**Exercise aim:**
Among the lines below, copy exactly those from the one with "Borsello porta chiavi" through the one with "18K Gold Plated", counting both ends.

**Dataset entries:**
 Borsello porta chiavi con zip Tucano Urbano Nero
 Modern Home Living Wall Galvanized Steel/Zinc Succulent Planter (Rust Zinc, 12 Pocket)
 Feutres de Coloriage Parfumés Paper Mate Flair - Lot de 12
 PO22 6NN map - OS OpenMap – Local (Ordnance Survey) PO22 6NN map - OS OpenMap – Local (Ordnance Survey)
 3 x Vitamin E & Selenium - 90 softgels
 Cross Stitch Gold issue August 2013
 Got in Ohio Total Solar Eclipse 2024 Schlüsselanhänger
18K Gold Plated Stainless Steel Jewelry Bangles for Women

---

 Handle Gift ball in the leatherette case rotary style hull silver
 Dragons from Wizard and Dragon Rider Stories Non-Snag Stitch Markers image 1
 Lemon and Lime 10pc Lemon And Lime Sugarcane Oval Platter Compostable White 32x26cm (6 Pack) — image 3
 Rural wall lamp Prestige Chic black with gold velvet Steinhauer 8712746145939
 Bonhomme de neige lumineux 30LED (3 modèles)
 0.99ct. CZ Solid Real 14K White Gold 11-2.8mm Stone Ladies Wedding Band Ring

...

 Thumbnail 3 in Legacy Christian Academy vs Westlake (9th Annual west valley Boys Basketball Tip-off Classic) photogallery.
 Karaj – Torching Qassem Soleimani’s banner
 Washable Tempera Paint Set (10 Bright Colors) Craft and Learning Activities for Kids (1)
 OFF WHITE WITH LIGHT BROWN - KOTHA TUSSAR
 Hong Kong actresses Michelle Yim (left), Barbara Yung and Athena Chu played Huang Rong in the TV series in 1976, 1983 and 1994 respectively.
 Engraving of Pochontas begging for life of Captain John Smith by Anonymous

**Expected output:**
 Borsello porta chiavi con zip Tucano Urbano Nero
 Modern Home Living Wall Galvanized Steel/Zinc Succulent Planter (Rust Zinc, 12 Pocket)
 Feutres de Coloriage Parfumés Paper Mate Flair - Lot de 12
 PO22 6NN map - OS OpenMap – Local (Ordnance Survey) PO22 6NN map - OS OpenMap – Local (Ordnance Survey)
 3 x Vitamin E & Selenium - 90 softgels
 Cross Stitch Gold issue August 2013
 Got in Ohio Total Solar Eclipse 2024 Schlüsselanhänger
18K Gold Plated Stainless Steel Jewelry Bangles for Women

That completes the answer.